One of the earliest examples of epidemiology was in 19th century Britain, when there was a widespread belief that diseases like cholera and bubonic plague were caused by polluted air. As a cholera outbreak took hold in central London, it was data that challenged this incorrect theory of transmission, plotting cases and observing that they were clustered around a water pump in the Soho area of the city, identifying the pump as the source, removing the pump handle and solving the problem.

Today, we have the potential to access data in far greater volumes and use it to understand how and where Covid-19 is spreading and to develop strategies to tackle it. But many people, given recent experience, are understandably deeply concerned about the idea of volumes of their personal data in the hands of companies and governments.

This debate is often framed as a “trade off” between privacy and public health. In order to beat the disease and end the crisis, the argument goes, we should accept some exceptional compromises to our privacy. But this binary framing presents a false choice. Privacy should always be prioritised when data is collected and used. And effective privacy laws and frameworks are designed to allow for the use of data when essential to public health and in the public interest, while guarding against improper intrusions to our privacy.

So, we should push back on governments or companies who seek to use Covid-19 as an excuse to collect and use people’s data in ways that are inconsistent with human rights and the rule of law. And given that this data exists, let’s make sure it does more than serve us ever more targeted online ads. At a moment like this, where our data really can benefit ourselves and others, let’s make sure it’s as useful as possible — while ensuring our privacy remains protected. 

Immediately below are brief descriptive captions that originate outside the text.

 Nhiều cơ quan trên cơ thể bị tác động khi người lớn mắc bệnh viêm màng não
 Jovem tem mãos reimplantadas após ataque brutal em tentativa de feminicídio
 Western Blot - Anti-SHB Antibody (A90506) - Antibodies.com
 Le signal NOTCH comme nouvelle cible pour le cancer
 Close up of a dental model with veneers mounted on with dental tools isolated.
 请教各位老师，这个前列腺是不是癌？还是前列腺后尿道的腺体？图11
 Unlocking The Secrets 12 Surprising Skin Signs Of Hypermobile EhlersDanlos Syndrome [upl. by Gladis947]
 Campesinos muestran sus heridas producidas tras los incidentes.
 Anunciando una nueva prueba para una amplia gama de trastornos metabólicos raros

Building vehicles for the roadmap

Let me turn to my fourth and final point. A safe and empowering web for everyone is our destination. The Roadmap for Digital Cooperation helps us see the routes to getting there. But a road map needs vehicles too. One powerful vehicle we have at our disposal is the Contract for the Web

Launched by Sir Tim Berners-Lee at last year’s Internet Governance Forum in Berlin, the Contract for the Web lists the high-level principles and the concrete commitments needed by governments, companies and all of us as citizens, to get us to the web we want.  

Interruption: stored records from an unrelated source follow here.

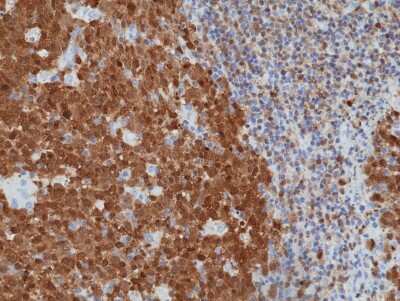 Immunohistochemistry: BOB1 Antibody (RM378) [NBP2-77435]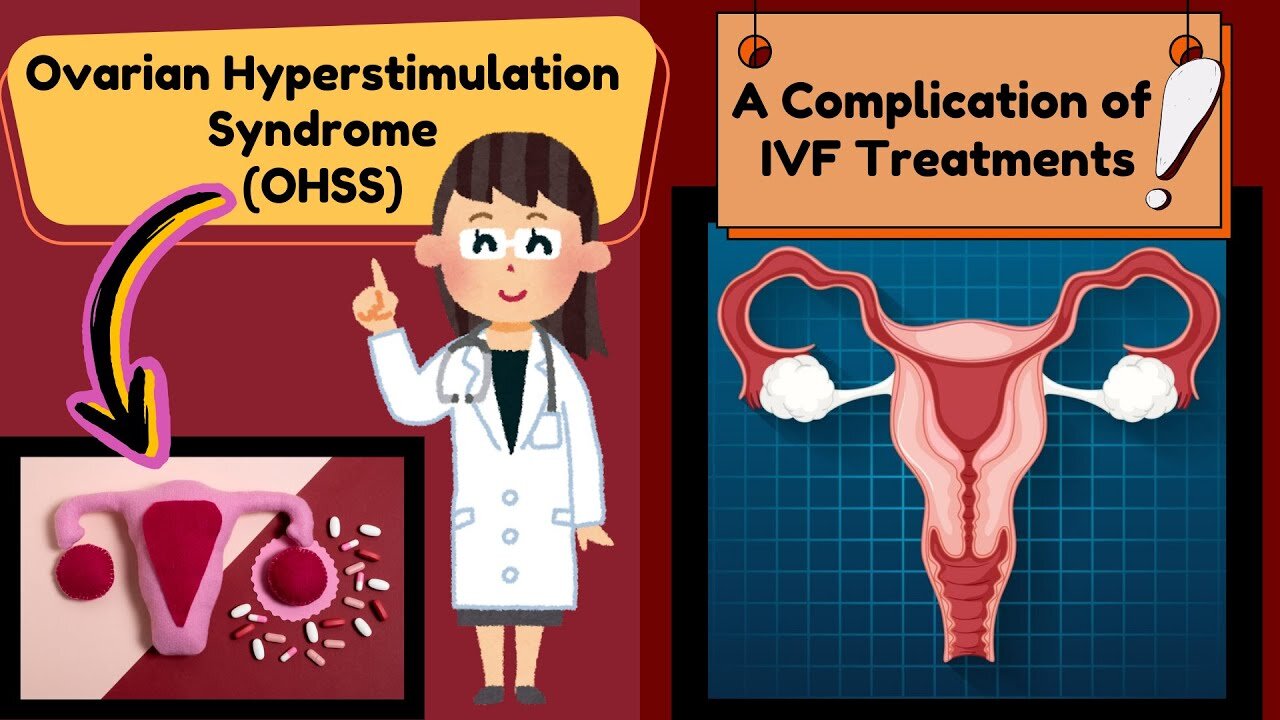 Ovarian Hyperstimulation Syndrome (OHSS) | A Complication of In Vitro Fertilization (IVF) |Explained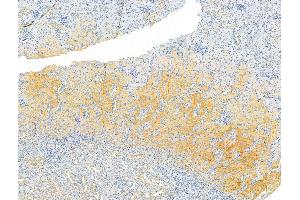 ABIN6264259 and ABIN6273065 at 1/100 staining Rat kidney tissue by IHC-P. (PKLR Antikörper  (Internal Region))
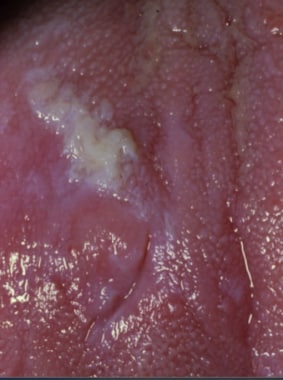 idiopathic leukoplakia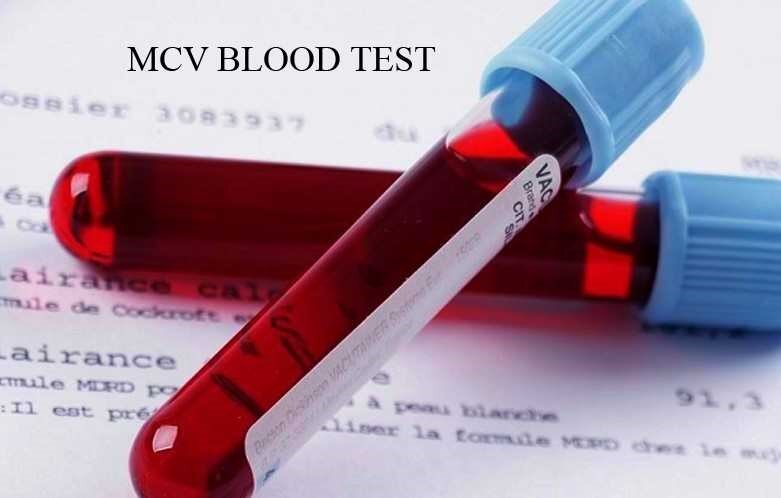 در آزمایش خون mcv چیست؟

Already 1,300 organisations have endorsed the Contract, including tech firms with global reach, businesses at national level in countries around the world, NGOs and activist groups, academics and many more. We’re now developing ways for endorsers to demonstrate how they’re living up to their commitments. 

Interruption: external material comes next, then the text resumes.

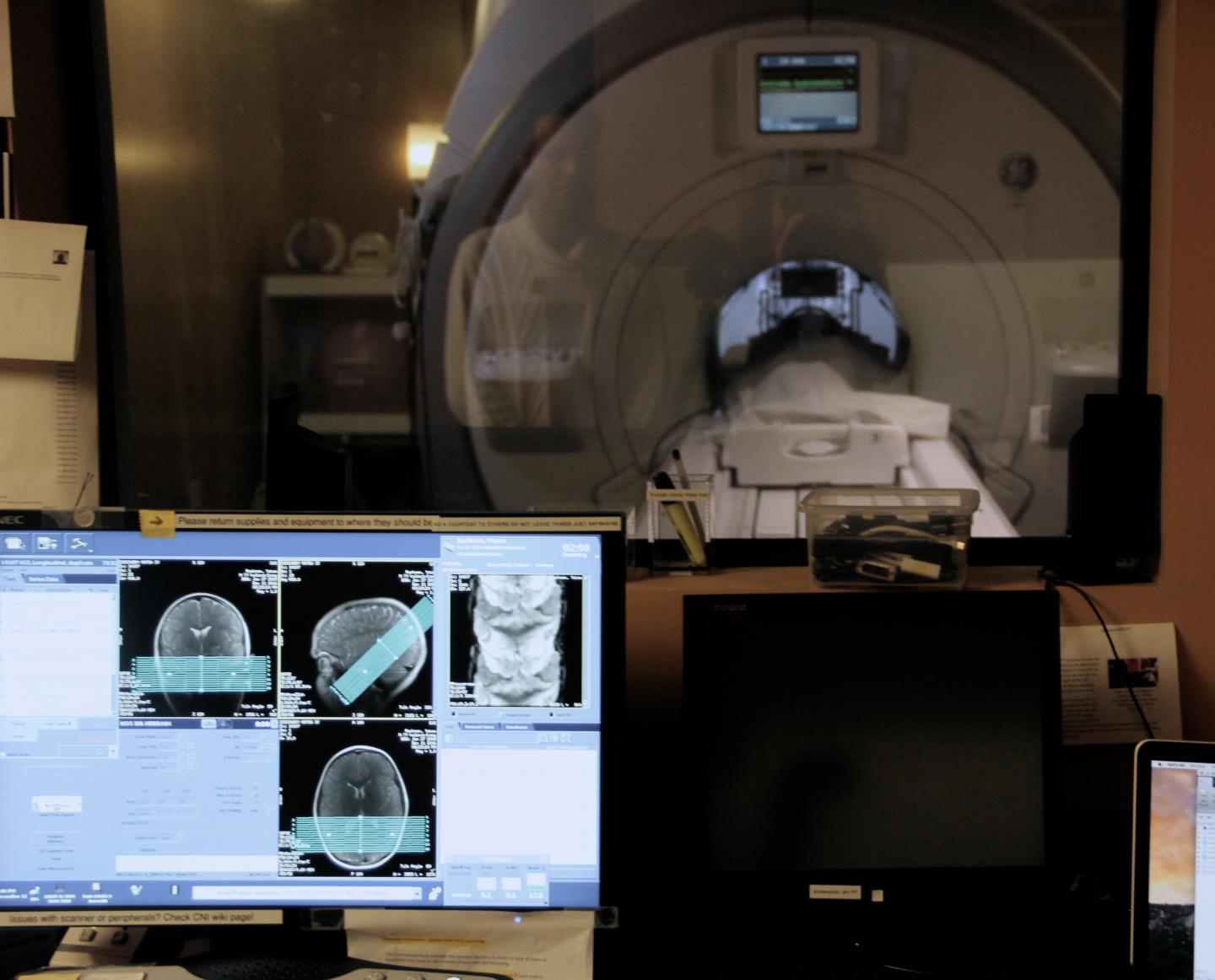 One Part of the Brain Unexpect [IMAGE] | EurekAlert! Science News Releases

We’re pushing for governments and companies to showcase their best practices. We want to see governments in a ‘race to the top’ to develop the best national policies to ensure digital trust and security for all their citizens, and companies competing to design privacy settings that actually deliver meaningful transparency and control to consumers.

I’m pleased to see the Contract for the Web included in the Roadmap as one of the important multi-stakeholder efforts addressing rising threats in the online world, alongside others like the Paris Call for Trust and Security in Cyberspace, the Global Forum on Cyber Expertise and the Global Commission on the Stability of Cyberspace.

We need all these vehicles to help us get to our destination: a safe and empowering digital world for all the world’s people. And we need the convening power of the United Nations and its digital roadmap to help us get there.